Pochettino’s usage of Messi hasn’t been great, either. Messi’s best role has typically been when he can freely play behind a striker and cut in off the right side in a sort of false-RW position, or as a free-roaming SS. He found remarkable success as a false 9 under Pep Guardiola, but as his physical abilities have declined somewhat, he’s drifted deeper into more of a CAM/playmaking role (a role he’s essentially always played for Argentina). Under Pochettino, however, he’s essentially been played as a pure RW at times, deprived of much of his freedom to float inside and make plays by connecting with a winger down the left flank or a striker cutting inside towards the right.
The overall solution for PSG is pretty obvious. Under Ronald Koeman, Messi was at his best in a formation with 3 at the back – typically a 3-5-2 or a similar variation. To unlock PSG’s wing-backs AND allow for the best combinations between his brilliant front three, the solution for Pochettino seems pretty simple – a 3-4-3 with Marquinhos, Kimpembe, and Ramos at the back, Mendes and Hakimi on the flanks, Verratti and Gana Gueye in the middle, and a Neymar-Mbappe-Messi front line (or, when Neymar is out, Mbappe-Messi-Di María, with Messi as a de facto false 9). If Pochettino goes to a 3-4-3, however, he will have to relegate Di María to a super sub, coming on either for one of the wing-backs or for Neymar, and Pochettino loves Di María far too much to ever do that. Still, though, if PSG want to compete against the likes of Manchester City (who ran them off the pitch in their second UCL meeting) and Bayern Munich, they need to make the switch – and Messi needs to find his shooting boots again.
Messi’s struggles at PSG really come down to one simple fact: they’ve been somewhat overstated. He hasn’t been as bad as most people think he has. Outside of his poor finishing, he’s basically been business as usual, despite his rash of injuries and being played out of his best position. He hasn’t even played the equivalent of 10 full matches in Ligue 1 yet. He’s still been PSG’s best player at times, and his creative ability is still up there with the best in the world. His ball progression, shot creation, and goal creation still rank among the game’s elite. Genuinely, if he had been scoring goals, pretty much no one would have a clue anything is wrong – but he hasn’t been scoring, and thus the furor.
Still, though, it can’t be denied that Messi hasn’t been completely himself, and the evidence does demonstrate that there are a lot of reasons why.

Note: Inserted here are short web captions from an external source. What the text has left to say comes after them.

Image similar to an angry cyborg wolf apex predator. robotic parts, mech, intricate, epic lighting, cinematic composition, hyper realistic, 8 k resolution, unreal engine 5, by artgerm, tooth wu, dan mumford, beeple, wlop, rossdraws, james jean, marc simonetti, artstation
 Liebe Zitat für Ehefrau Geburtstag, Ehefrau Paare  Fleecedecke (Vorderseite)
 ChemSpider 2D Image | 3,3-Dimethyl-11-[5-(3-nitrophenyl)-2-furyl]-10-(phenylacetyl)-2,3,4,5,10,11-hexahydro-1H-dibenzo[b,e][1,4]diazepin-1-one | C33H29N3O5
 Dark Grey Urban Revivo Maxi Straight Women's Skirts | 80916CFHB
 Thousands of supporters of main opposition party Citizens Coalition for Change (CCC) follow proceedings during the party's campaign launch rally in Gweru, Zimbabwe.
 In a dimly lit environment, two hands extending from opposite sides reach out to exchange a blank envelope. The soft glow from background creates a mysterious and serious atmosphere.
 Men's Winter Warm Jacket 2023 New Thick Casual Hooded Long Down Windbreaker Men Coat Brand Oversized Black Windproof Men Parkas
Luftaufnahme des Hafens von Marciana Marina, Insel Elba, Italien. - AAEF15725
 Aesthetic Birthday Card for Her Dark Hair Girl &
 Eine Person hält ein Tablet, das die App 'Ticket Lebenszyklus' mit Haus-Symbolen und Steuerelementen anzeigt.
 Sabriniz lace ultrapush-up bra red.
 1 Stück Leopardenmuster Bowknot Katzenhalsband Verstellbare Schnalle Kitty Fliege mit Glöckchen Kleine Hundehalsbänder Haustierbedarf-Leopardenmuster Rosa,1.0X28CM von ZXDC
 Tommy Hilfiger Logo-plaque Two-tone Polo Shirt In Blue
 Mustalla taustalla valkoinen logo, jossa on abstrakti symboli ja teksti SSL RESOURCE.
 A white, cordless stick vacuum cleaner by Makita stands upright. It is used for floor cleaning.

He’s been injured a lot, and Pochettino’s management has been abhorrent at best. He’s under-performed his underlying numbers in a way that he’s never done before. Despite all this, he’s still been a great creator and playmaker. He’s still managed to score 5 UCL goals, and he’s still played a key role in a few big wins for PSG so far. It’s safe to say that he’s not been the player he was expected to be at PSG so far, but in his defense – nobody else on the planet ever has.